In a subsequent 1989 review, Wylie identified several multidimensional self-concept instruments measuring one or more components of PSC that can be differentiated from other specific domains of self-concept and general self-concept. Included in the list were the three SDQ instruments already discussed. Wylie also evaluated Harter’s (1985) Self-Perception Profile for Children, which contains two PSC scales (athletic competence and physical appearance). Other multidimensional instruments containing physical scales that were not reviewed by Wylie include the Self-Rating Scale (Fleming & Courtney, 1984), which measures physical ability and physical appearance; the Song and Hattie Test (Hattie, 1992), which measures physical appearance; and the Multidimensional Self-Concept Scale (Bracken, 1996), which has a physical scale that includes physical competence, physical appearance, physical fitness, and health. The Tennessee Self-Concept Scale (Fitts, 1965) is a multidimensional self-concept instrument that also purports to measure PSC. In their review and empirical evaluation of this instrument, Marsh and Richards (1988) found distinguishable physical components reflecting health, neat appearance, physical attractiveness, and physical fitness that were incorporated into a single PSC score. This detailed breakdown of the Tennessee physical scale was supported by relationships with the SDQ physical ability and physical appearance scales in an MTMM study comparing responses to the two instruments. Because each of the clusters based on responses to the Tennessee instrument is represented by only a few items, it is not appropriate to use the instrument to measure these distinct components of PSC. Marsh and Richards argued that PSC measures that combine and confound a wide range of differentiable physical components—such as those based on the Tennessee Self-Concept Scale—should be interpreted cautiously (see similar comments by Fox & Corbin, 1989).
In summary, although multidimensional self-concept instruments based on Shavelson and colleagues’ (1976) model provided good support for the construct validity of the physical ability and appearance scales (e.g., Marsh, 2002; Marsh & Peart, 1988), they left unanswered the question of whether PSC is more differentiated than can be explained in terms of one (physical ability) or two (ability, appearance) physical scales. Subsequent PSC instruments were developed specifically to address the issue of the multidimensionality of PSC.

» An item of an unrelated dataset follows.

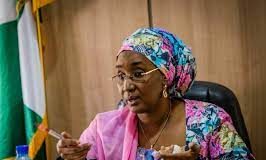 FG Commences Training For 1,850 Beneficiaries Of Mobile Money Agents’ Programme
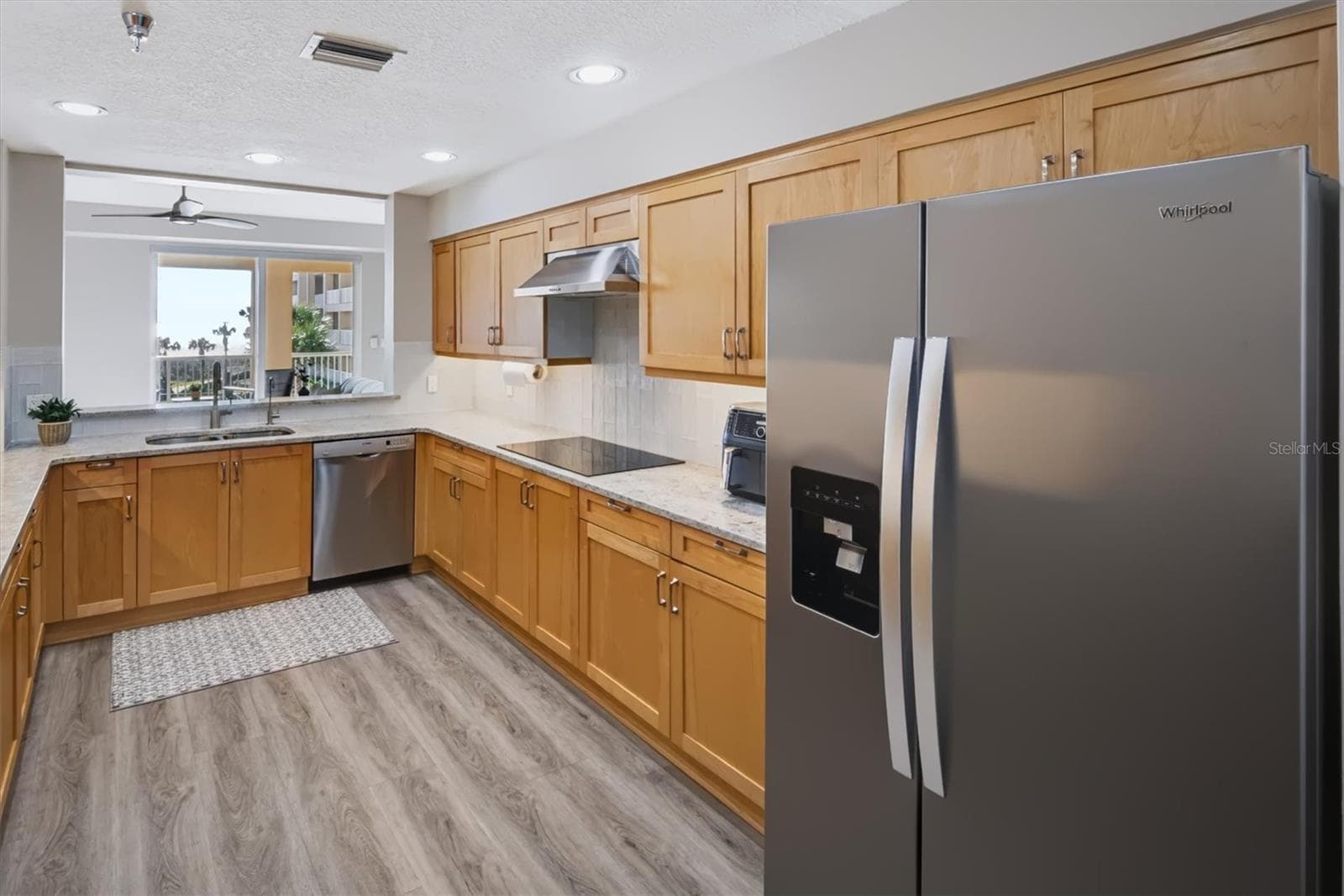 Condominium at 11 AVENUE DE LA MER #1207, PALM COAST, photo 13 of 72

Physical Self-Perception Profile
The Physical Self-Perception Profile (PSPP; Fox, 1990; Fox & Corbin, 1989) is a 30-item inventory that consists of four specific scales and one general physical self-worth factor. The PSPP was developed to document the physical self-perceptions of college students. It was designed to reflect the advances made by Harter (1985) and Shavelson and colleagues (1976) in identifying the physical self as an important construct to measure in its own right and to reflect the hierarchical, multidimensional nature of the physical self. A qualitative approach was used to reveal dimensions of physical self-esteem salient to the population sampled (Fox & Corbin, 1989). The PSPP consists of five 6-item scales of sport (perceived sport competence), body (perceived bodily attractiveness), strength (perceived physical strength and muscular development), condition (perceived level of physical conditioning and exercise), and physical self-worth. Fox (1990) recommended that the 10-item Rosenberg Self-Esteem Scale (Rosenberg, 1965) be used alongside the PSPP to provide a global measure. Fox (1990) reported factor analyses indicating that each item loads most highly on the factor that it is designed to measure and that individual scale reliabilities are in the .80s.
The PSPP research demonstrates (a) good reliability (coefficient alpha of .80-.95; Fox, 1990; Page, Ashford, Fox, & Biddle, 1993; Sonstroem, Speliotis, & Fava, 1992); (b) good test–retest stability over the short term (rs of .74-.89; Fox, 1990); (c) a well-defined, replicable factor structure as shown by CFA (Fox & Corbin, 1989; Sonstroem, Harlow, & Josephs, 1994); (d) convergent and discriminant validity in studies showing PSPP relationships with external criteria such as exercise behaviors, mental adjustment variables, and health complaints (Fox & Corbin, 1989; Sonstroem & Potts, 1996); and (e) applicability for an older adult population (Sonstroem et al., 1994). However, correlations among the PSPP scales are consistently so high (.65-.89 when disattenuated for measurement error; Marsh, Richards, Johnson, Roche, & Tremayne, 1994) that they detract from the instrument’s ability to differentiate among the different PSC factors it purports to measure.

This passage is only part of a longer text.